Activity.
Return each entry below exactly. Skip the images.

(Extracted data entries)
☆ ☆ ☆ ☆ ☆
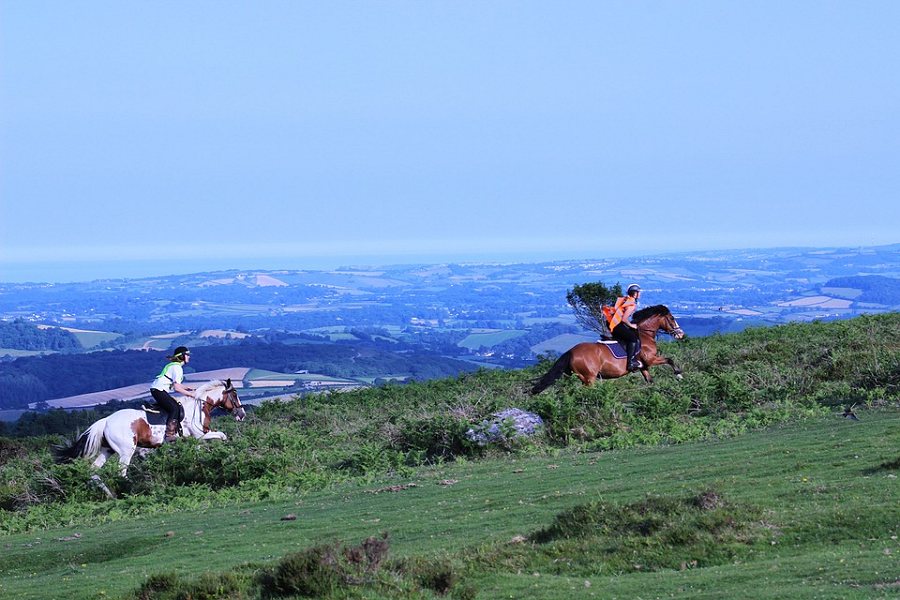 Horse Riding on Dartmoor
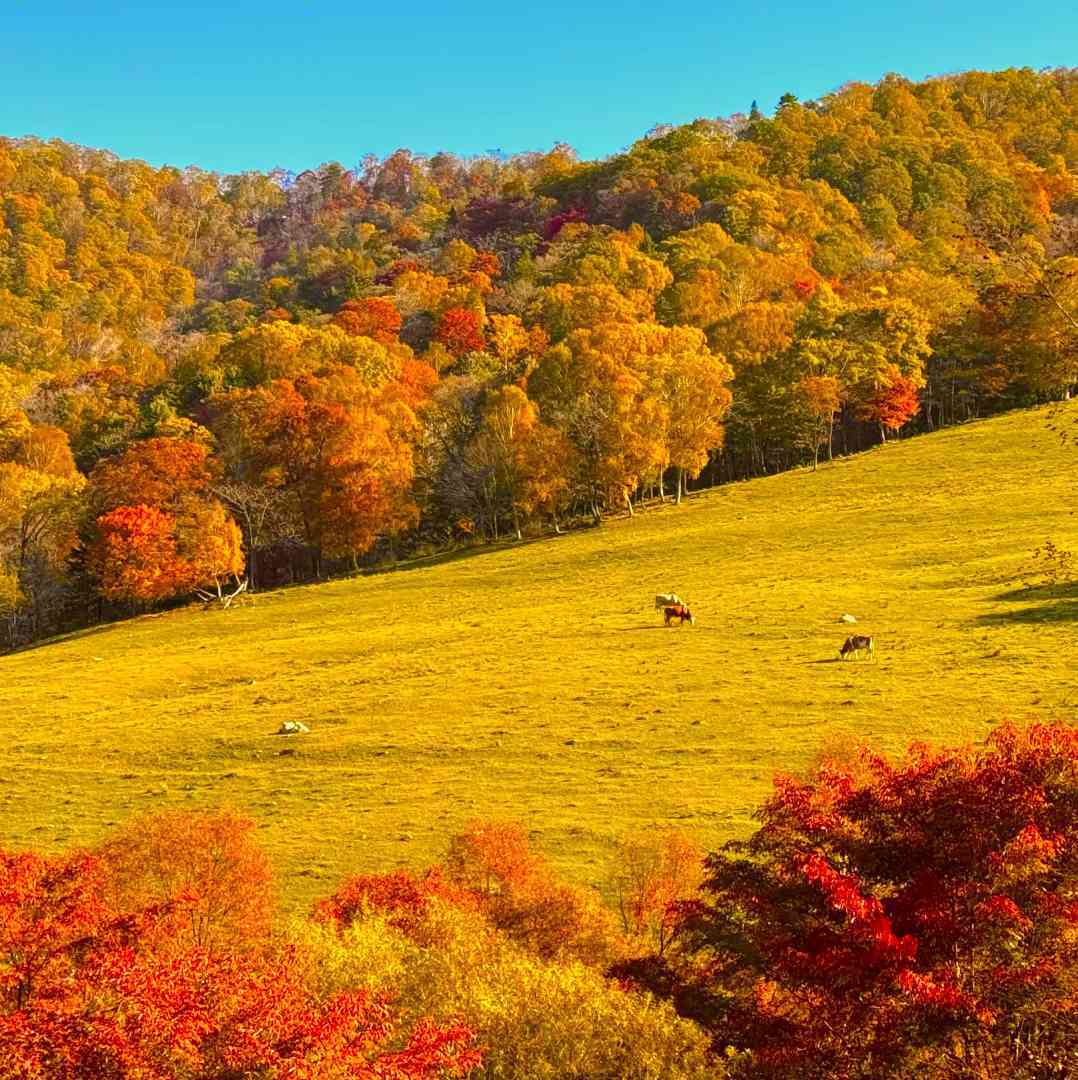阿雪带你玩东北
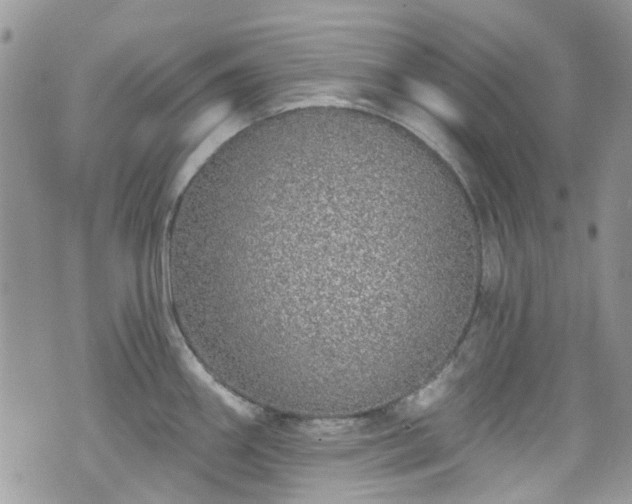 X0000070881290200606191306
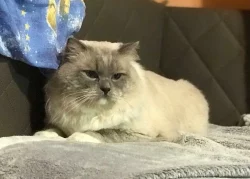 Ragdoll - koťátka ze zdravého testovaného chovu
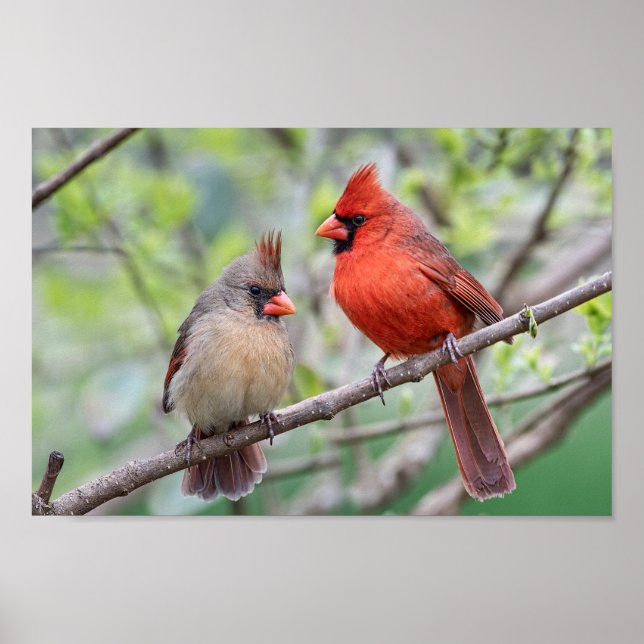 Northern Kardinals Mates of Life Poster (Vorne)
☆ ☆ ☆ ☆ ☆
Exercise solution.
 Horse Riding on Dartmoor
阿雪带你玩东北
 X0000070881290200606191306
 Ragdoll - koťátka ze zdravého testovaného chovu
 Northern Kardinals Mates of Life Poster (Vorne)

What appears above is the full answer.